What this task involves: Retype the data that follows with no alterations, please.

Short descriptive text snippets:
· · · · ·

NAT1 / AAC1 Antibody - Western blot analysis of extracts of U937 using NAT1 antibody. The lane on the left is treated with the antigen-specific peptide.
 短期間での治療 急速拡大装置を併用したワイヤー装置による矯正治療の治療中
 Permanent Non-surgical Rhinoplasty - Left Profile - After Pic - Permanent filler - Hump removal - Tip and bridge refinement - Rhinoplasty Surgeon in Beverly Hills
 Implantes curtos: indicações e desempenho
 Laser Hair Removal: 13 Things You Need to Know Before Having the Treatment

· · · · ·

Solution for this problem:
NAT1 / AAC1 Antibody - Western blot analysis of extracts of U937 using NAT1 antibody. The lane on the left is treated with the antigen-specific peptide.
 短期間での治療 急速拡大装置を併用したワイヤー装置による矯正治療の治療中
 Permanent Non-surgical Rhinoplasty - Left Profile - After Pic - Permanent filler - Hump removal - Tip and bridge refinement - Rhinoplasty Surgeon in Beverly Hills
 Implantes curtos: indicações e desempenho
 Laser Hair Removal: 13 Things You Need to Know Before Having the Treatment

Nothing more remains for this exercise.